If you haven't already read it, I'd read Harvey's mic thread at the top of the forum...I know somebody outlined all the parts regarding acoustic guitar recently...

- Jarick
 
Dot said:
A mic like the Peluso CEMC6 that I recommended to you last month is a much easier mic to work with. .

yeah, but i coulndt afford them right now... i got this pair for 400 bucks.

i think i just need to improve my room... oh well.
 
borntoplease said:
first off... ive tried everything, sound hole and fret board, sound hole and over the shoulder, one on the sound hole only... :
I just re-read this and it hit me like a ton of bricks. You can't mic a Dreadnaught at the sound hole. That'll woof out just about any mic. I have a D-41 and my Dad's D-35 behave exactly the same in that respect. I'd stay in the neck/body joint area with any mic on a Martin unless you DO have a great room so you can back the mics away from the guitar.
 
Track Rat said:
I just re-read this and it hit me like a ton of bricks. You can't mic a Dreadnaught at the sound hole. That'll woof out just about any mic. I have a D-41 and my Dad's D-35 behave exactly the same in that respect. I'd stay in the neck/body joint area with any mic on a Martin unless you DO have a great room so you can back the mics away from the guitar.

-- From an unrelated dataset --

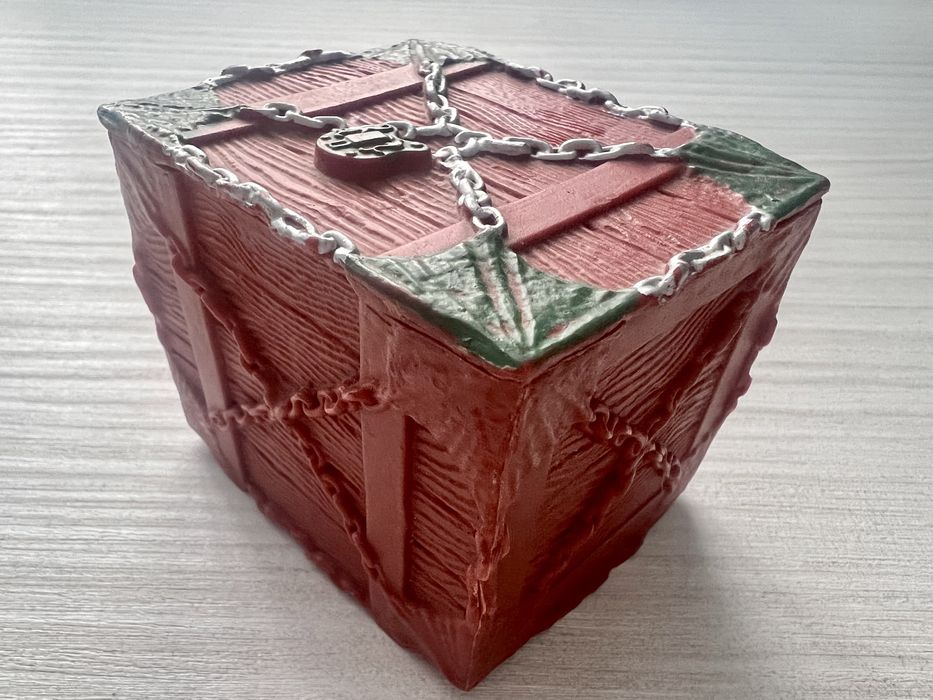 Сундучок с резинками для плетения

Yep. That's the problem right there. I have a Taylor 814ce, big-bodied rosewood acoustic...it won't let me get near the soundhole. "Boomy" perfectly describes any attempts to get near the soundhole with a mic on that guitar. On older Gibson acoustics...not a problem.
 
earthworks won't flatter the sound any...so what you have is what you get. if your guitar is already full of low mids...well having a cardioid up close isn't going to help any...

i've recorded some GREAT classical guitar with my sr71...
 
since it seems your forced into close micing try, well, it's all good advice, but what someone said earlier
14th fret or so, however far away (play with that)
but try rotateing the mic so that it's not pointing at the sound hole....
probably not directly awayfrom it mind you, but as you rotate the mic away from the sound hole it should be like a tone nob
going from boomy-to thin.
(not rotateing the mic away from the git, but up the neck, just to clairify)

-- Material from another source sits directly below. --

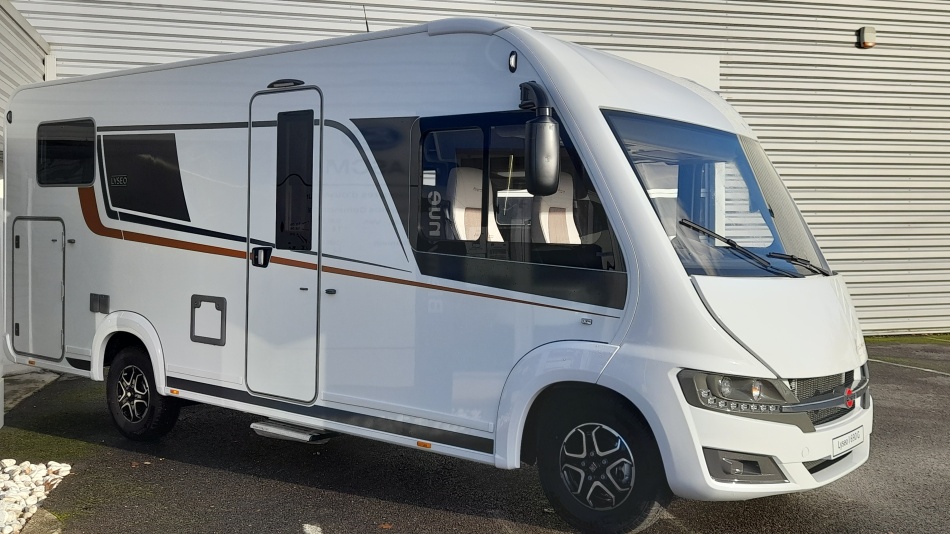 BURSTNER 690 G SANDY GREY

also try micing the sound board for the fun of it.
it may not be the sound you're looking for, but it can be a very easy to use sound.

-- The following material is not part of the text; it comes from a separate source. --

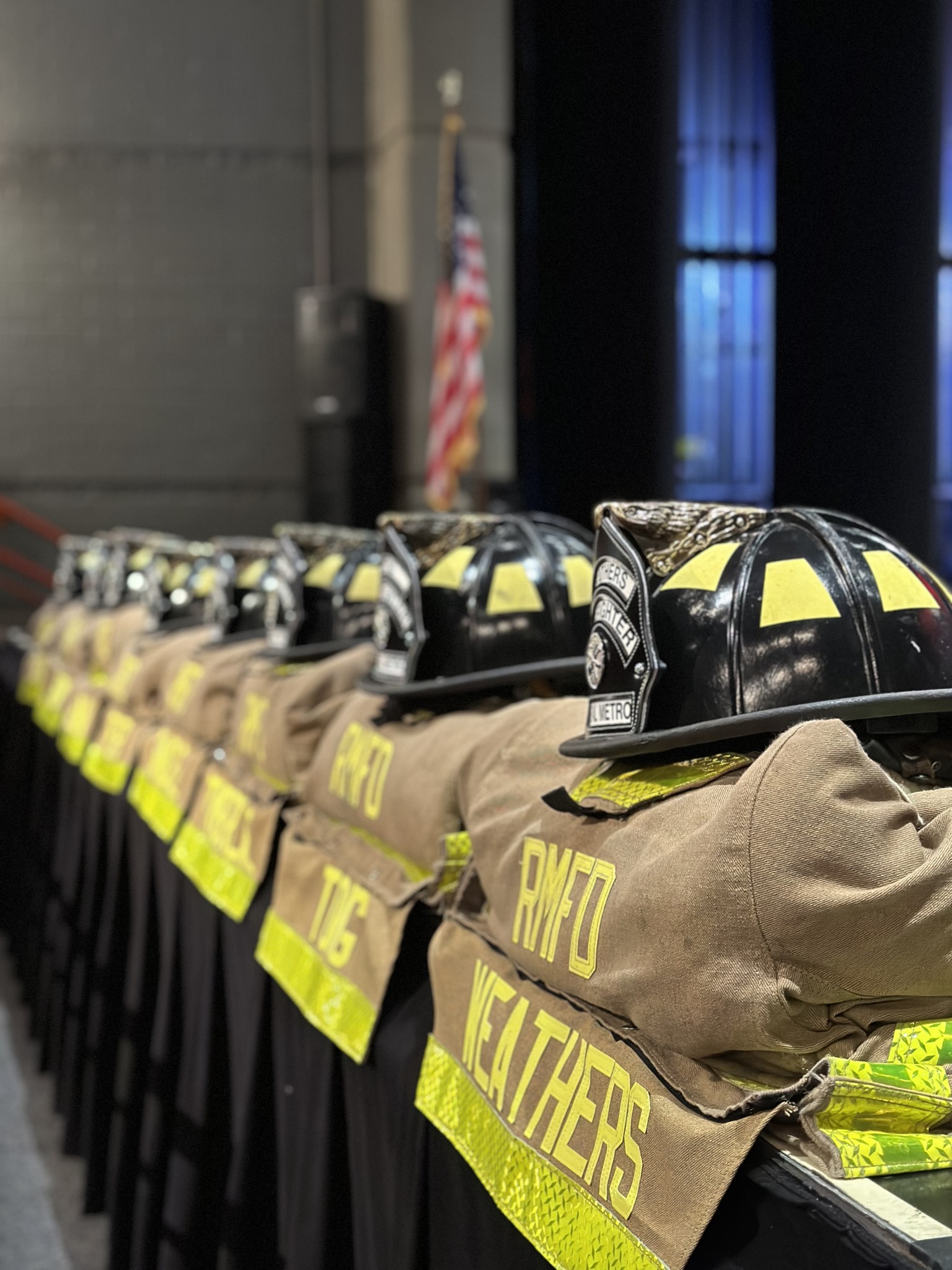 Fire Department Team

i even got a good sound from the horn (or whatever it's called on an acu) one time, not the regulation acu sound mind you, but it did what i wanted it to.
 
I have a thread in the Recording Techniques forum about this, but I'll share here as well.

Someone recently showed me a great stereo technique where you take a traditional XY setup and rotate it 90 degrees vertical, so that you're basically micing top strings and bottom strings instead of left and right. I tried it a few inches off the 12th fret, hard panned...sounds great. Should sound really great with a Martin and a pair of Earthworks.
 
Track Rat said:
I just re-read this and it hit me like a ton of bricks. You can't mic a Dreadnaught at the sound hole. That'll woof out just about any mic. I have a D-41 and my Dad's D-35 behave exactly the same in that respect. I'd stay in the neck/body joint area with any mic on a Martin unless you DO have a great room so you can back the mics away from the guitar.

this was my intitial thought.
here is my next thought. i have a walk in closet, probably about 5' x 5'. if i bought sound foam and slapped it up on all the walls... would that be better for micing the guitar? obviously i couldnt pull them too far off the guitar, considering how small the room is. but i could do some "medium" micing... if i got creative with stand placement and what not.
or would it just be better to try closer techniques in a larger room... i will probably try both, but would live some input before i spend the money on sound foam.

thanks again guys, this thread has made me feel better...
 
you can get bed padding (read egg crate foam) from wall mart or k mart or whatever, and although it's not the best thing, it's cheap.